Work instruction: The "Lustra Chandelier Pearl" line through the end of the listing below is what to set down, word for word, and nothing else.

Material provided:
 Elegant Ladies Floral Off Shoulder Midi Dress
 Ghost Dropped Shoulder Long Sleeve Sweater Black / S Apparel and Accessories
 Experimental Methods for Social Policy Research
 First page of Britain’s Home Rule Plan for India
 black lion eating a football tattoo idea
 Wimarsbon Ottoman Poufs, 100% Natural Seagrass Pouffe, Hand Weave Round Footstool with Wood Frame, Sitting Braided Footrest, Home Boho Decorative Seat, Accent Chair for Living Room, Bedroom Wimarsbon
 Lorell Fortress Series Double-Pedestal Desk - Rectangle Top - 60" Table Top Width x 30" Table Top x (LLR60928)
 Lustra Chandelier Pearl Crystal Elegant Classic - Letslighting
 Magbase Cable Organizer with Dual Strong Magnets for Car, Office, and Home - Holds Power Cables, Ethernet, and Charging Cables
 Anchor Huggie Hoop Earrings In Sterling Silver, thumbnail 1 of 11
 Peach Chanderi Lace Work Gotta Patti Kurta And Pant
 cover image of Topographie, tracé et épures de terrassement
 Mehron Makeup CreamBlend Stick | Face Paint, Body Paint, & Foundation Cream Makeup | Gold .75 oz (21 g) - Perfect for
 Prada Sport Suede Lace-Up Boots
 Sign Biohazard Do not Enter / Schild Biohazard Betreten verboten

Solution to this exercise:
 Lustra Chandelier Pearl Crystal Elegant Classic - Letslighting
 Magbase Cable Organizer with Dual Strong Magnets for Car, Office, and Home - Holds Power Cables, Ethernet, and Charging Cables
 Anchor Huggie Hoop Earrings In Sterling Silver, thumbnail 1 of 11
 Peach Chanderi Lace Work Gotta Patti Kurta And Pant
 cover image of Topographie, tracé et épures de terrassement
 Mehron Makeup CreamBlend Stick | Face Paint, Body Paint, & Foundation Cream Makeup | Gold .75 oz (21 g) - Perfect for
 Prada Sport Suede Lace-Up Boots
 Sign Biohazard Do not Enter / Schild Biohazard Betreten verboten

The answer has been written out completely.